Problem statement:
Please say how many lines below include the word "Terrier", with nothing beyond the number.

======== Input data ========

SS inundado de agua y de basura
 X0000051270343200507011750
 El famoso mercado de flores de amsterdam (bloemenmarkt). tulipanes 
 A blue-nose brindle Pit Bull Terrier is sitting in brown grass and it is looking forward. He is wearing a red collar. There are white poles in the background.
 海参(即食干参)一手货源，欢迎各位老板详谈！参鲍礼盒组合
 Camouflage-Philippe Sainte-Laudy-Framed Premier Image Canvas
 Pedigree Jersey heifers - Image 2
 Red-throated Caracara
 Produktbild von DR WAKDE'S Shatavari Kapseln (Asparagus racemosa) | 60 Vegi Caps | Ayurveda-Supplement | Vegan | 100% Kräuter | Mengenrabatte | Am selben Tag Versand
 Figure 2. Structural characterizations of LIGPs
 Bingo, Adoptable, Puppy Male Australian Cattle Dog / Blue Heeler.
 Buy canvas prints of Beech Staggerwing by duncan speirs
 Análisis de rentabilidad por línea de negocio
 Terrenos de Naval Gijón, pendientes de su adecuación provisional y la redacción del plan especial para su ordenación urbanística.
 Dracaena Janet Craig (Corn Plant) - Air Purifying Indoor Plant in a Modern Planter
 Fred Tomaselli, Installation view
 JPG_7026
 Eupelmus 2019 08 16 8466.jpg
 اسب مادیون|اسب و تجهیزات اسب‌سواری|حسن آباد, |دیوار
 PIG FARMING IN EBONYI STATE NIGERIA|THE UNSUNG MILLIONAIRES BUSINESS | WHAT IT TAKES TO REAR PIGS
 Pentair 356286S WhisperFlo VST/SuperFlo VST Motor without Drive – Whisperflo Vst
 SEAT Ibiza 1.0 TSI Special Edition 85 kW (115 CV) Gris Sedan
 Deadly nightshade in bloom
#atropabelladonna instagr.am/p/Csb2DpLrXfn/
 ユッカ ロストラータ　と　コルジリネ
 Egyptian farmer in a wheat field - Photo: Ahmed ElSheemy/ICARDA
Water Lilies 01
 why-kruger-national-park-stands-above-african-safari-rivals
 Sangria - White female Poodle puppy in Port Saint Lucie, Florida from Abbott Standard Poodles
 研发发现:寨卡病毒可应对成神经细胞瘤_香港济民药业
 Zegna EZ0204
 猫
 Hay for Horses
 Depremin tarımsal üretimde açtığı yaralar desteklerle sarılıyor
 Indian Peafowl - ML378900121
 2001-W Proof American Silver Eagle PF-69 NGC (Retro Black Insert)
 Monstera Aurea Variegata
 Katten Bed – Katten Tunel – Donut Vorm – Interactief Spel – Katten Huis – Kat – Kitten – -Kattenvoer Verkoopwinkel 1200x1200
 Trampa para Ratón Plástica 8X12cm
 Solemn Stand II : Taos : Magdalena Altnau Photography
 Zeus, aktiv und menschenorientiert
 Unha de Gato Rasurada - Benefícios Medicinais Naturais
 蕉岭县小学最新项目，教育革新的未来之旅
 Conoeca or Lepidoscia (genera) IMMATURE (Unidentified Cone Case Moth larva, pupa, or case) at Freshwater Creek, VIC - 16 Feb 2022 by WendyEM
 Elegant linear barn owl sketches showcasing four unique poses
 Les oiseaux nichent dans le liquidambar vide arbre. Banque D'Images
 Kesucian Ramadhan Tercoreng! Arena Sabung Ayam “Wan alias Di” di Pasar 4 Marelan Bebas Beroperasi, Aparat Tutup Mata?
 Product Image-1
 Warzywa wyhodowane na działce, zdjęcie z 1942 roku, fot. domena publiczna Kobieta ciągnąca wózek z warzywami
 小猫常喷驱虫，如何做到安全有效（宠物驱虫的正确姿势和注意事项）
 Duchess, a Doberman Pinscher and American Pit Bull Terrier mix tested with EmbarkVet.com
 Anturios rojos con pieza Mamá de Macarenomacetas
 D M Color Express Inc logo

========

Output of the exercise:
2